E então se fez silêncio. Ao fundo do áudio é possível ouvir o Renato: “corta!”.

– Eu não consigo falar sobre isso – avisou o entrevistado e, nós, em silêncio, atônitxs, confusxs.

– Quer uma água? – pergunta Renato.

– Não, eu só não consigo falar sobre isso. Nunca consegui falar sobre isso. – E pediu para que cortássemos do vídeo essa parte. Ele rapidamente deixou escapar algumas lágrimas e, por fim, relatou: – mas, enfim, pra vocês saberem, meus pais apanharam.

E a gravação foi cortada. Era compreensível, precisávamos pausar e recomeçar.

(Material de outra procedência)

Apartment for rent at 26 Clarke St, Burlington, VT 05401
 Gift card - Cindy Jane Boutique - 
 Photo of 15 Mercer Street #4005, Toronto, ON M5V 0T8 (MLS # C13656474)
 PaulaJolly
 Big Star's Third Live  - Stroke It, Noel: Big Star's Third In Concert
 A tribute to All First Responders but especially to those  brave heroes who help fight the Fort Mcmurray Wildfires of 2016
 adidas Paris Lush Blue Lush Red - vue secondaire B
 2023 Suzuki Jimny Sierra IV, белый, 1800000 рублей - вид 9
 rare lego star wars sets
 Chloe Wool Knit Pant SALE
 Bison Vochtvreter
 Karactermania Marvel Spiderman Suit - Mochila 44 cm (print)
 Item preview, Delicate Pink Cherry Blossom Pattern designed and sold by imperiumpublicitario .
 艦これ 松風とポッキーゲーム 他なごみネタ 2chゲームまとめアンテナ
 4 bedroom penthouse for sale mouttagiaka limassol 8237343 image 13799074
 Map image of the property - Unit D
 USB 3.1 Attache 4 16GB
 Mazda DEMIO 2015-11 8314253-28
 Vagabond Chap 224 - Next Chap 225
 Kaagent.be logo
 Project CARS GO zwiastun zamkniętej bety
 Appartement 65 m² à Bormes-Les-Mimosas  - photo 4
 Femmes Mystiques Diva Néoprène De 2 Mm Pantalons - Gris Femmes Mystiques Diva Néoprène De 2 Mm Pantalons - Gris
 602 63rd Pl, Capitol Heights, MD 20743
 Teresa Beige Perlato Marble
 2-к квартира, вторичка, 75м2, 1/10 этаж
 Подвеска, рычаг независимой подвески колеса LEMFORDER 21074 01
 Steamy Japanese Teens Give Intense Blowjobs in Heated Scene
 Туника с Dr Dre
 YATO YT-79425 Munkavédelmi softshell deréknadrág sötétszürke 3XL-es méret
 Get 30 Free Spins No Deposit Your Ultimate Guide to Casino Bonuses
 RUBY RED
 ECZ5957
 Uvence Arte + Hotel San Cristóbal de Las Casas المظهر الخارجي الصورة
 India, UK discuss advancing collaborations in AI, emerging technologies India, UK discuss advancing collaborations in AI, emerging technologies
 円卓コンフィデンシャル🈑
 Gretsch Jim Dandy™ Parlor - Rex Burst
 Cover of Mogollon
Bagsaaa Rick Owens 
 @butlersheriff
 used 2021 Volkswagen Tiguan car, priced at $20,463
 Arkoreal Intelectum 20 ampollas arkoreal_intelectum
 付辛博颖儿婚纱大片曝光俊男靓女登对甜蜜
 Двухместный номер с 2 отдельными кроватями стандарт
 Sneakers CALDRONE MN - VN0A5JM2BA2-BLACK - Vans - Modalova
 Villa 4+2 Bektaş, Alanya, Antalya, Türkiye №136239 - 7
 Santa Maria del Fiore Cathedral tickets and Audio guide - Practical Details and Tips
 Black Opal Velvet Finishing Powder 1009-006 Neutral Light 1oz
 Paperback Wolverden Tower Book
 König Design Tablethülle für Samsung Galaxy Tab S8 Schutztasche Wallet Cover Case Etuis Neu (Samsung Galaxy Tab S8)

A história não foi pausada para um recomeço. Para redemocratizar a política brasileira muitas pessoas morreram, foram torturadas, se arriscaram, se exilaram.

Numa das páginas de Galeano ele põe a si e a quem lê o questionamento: “escrever tem sentido?”. E, adiante, supõe: “talvez escrever não seja mais que uma tentativa de pôr a salvo, em tempos de infâmia, as vozes que darão testemunho de que aqui estivemos e assim fomos”. O resgate da memória do movimento estudantil gaúcho é a tentativa de pôr a salvo a lembrança da ditadura para que não se repita. Mas também para lembrar quem nos salvou de um regime que a América Latina assistiu de perto em todos os seus cantos. O sul do continente foi subordinado do norte, que financiou a tortura. Nós estamos, historicamente, resistindo à dominação imperialista incansável, porém, combatível.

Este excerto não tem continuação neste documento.